First of all, I am no PowerShell expert and of course I can’t take responsibility for anything that happens with this script. The VMware CertGen tool does all the hard work, my script simply takes the input from a .csv file and then creates all of the config files which are then input into the CertGen tool. I’ve wrapped it all up into a simple process that anyone can use. The CertGen tool outputs CA Signed SSL Certificates for all of the products and automatically creates the various different certificate formats that each product requires. All that is left to do is upload the SSL certificate to the product.

CertGen Tool and Scripts

The first thing you need to do is review the VMware KB article KB2146215 on the CertGen Tool. This article will provide you with the instructions to use the CertGen tool. I will cover off the simple steps, however the KB article details the pre-requisites and configuration of the CA servers, the supported platforms, product compatibility and it also explains use-cases outside of what i’ll explain here. This blog article will cover the use of my script to automatically generate the configuration files from a .csv and a simplified set of instructions for the CertGen tool usage.

At the bottom of the KB Article, in the attachments section, download the CertGenVVD zip file.

Screen Shot 2017-05-08 at 10.58.26 AM

Extract the zip file to a location that will be easy to access via command line.

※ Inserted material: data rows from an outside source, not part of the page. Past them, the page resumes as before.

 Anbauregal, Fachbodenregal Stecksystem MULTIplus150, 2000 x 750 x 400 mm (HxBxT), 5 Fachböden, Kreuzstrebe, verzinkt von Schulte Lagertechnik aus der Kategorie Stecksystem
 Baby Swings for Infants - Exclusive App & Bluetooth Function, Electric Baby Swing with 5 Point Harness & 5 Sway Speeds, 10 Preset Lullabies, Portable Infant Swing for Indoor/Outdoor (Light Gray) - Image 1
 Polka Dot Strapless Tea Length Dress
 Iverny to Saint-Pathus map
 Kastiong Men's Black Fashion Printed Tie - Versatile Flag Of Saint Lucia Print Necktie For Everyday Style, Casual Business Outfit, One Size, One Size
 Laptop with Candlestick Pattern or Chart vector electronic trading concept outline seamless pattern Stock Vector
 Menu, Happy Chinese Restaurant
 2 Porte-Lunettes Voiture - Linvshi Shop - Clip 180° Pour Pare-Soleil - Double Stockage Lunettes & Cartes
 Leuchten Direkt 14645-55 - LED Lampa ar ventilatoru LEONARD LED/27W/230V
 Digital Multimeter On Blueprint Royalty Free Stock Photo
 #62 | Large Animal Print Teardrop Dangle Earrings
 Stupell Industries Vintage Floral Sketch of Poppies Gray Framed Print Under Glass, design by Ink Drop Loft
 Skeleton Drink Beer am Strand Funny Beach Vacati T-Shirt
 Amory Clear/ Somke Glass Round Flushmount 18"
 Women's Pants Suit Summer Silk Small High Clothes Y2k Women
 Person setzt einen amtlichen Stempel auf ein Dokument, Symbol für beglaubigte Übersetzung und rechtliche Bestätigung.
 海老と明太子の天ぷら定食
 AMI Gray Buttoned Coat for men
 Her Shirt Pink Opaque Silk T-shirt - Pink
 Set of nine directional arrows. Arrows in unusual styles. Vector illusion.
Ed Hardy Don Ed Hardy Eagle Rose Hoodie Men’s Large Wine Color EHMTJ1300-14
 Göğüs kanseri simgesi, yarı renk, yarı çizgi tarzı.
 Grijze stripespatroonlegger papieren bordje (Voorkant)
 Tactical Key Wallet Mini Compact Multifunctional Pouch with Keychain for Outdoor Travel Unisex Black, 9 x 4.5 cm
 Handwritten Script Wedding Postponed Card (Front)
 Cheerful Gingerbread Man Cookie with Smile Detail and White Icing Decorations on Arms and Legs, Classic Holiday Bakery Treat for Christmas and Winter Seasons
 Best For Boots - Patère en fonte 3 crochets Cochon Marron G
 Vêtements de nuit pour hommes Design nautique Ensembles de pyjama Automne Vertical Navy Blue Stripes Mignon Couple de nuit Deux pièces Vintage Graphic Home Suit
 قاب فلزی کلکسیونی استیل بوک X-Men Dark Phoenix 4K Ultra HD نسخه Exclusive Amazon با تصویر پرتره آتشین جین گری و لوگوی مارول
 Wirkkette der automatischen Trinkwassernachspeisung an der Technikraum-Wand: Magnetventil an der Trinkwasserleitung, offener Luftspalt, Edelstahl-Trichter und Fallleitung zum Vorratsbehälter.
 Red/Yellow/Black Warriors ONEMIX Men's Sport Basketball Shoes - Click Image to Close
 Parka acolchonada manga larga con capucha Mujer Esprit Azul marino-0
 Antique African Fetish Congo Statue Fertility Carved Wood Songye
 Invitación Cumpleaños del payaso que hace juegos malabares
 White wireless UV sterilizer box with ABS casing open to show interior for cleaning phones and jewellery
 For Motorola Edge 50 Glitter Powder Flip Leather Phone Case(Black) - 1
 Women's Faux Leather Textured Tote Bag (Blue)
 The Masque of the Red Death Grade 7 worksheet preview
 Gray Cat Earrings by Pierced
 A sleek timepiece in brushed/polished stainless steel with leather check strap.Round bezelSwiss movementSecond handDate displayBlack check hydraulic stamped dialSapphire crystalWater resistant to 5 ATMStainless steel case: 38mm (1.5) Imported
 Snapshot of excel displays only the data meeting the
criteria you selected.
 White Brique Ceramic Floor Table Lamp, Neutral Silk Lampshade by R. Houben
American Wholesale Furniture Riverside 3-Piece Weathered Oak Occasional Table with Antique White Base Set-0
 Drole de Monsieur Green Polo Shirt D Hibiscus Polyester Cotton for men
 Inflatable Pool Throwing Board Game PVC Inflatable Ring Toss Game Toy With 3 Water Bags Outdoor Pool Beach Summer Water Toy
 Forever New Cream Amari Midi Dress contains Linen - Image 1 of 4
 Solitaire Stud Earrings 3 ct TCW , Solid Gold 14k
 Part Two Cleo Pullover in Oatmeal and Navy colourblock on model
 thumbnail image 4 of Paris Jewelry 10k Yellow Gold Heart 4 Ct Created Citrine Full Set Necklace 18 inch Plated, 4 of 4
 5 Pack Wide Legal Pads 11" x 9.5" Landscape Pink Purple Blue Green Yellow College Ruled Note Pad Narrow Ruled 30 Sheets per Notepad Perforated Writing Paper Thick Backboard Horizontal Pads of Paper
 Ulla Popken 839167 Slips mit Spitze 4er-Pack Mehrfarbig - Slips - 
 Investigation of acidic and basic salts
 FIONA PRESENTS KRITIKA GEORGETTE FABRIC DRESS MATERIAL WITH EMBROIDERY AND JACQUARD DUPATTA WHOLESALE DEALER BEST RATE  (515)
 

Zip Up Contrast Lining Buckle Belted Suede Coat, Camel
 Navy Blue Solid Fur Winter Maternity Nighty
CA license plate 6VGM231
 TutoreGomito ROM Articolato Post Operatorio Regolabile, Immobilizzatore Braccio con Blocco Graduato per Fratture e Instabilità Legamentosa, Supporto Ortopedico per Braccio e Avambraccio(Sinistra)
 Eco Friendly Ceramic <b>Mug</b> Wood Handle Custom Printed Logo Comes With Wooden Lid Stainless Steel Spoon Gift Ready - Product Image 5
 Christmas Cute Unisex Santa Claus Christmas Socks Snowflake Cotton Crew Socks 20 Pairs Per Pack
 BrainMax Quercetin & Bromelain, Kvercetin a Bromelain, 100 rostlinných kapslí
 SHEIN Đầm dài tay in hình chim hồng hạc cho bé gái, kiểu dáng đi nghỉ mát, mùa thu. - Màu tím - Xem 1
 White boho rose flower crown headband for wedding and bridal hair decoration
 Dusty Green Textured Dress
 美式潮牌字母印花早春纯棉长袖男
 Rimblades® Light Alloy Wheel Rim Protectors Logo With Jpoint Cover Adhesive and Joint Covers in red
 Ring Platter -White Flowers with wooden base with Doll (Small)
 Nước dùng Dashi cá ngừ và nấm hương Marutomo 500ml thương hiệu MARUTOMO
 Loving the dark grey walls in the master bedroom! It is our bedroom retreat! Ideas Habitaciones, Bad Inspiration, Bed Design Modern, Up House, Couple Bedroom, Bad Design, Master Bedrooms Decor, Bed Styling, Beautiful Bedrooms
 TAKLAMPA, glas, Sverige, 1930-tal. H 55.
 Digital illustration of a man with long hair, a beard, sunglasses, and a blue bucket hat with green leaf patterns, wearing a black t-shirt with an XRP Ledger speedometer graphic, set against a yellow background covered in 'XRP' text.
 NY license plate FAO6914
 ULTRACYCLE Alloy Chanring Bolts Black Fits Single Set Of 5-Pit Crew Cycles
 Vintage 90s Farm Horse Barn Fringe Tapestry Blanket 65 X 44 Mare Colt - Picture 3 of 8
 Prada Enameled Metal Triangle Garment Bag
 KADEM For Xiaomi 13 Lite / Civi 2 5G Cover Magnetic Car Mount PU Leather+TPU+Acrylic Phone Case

This can be simply c:\Temp. The zip file contains the “ConfigFiles” folder, a “default.txt” file and the “CertGenVVD-3.0.ps1” script file.

Open the “ConfigFiles” folder and delete all of the existing config files, or you can delete the entire folder, the script will just re-create the folder anyway. Normally you would use these files to manually update the configuration details for each of your products. We don’t need to do this because we will use a csv file and then build all of these files using the script. You can also delete the “default.txt” file as we won’t need this.

Download my Certificate Config Tool which will include the csv configuration file “CertConfig.csv” and the “CertConfig.ps1” script. Extract this zip file to the same location as the CertGen Tool. You should now have a file structure that looks like this.

Screen Shot 2017-05-08 at 11.51.10 AM

I have offered the above instructions so that you can download the most up to date version of the CertGenVVD tool and use it in conjunction with my script. If you would rather a more simplified approach and download the pre-configured package, then you can download the Cert Tool zip file here which contains my configuration scripts + the CertGenVVD-3.0.ps1 scripts in a pre-configured directory. Just Download the zip file and extract to to a directory like C:\Temp.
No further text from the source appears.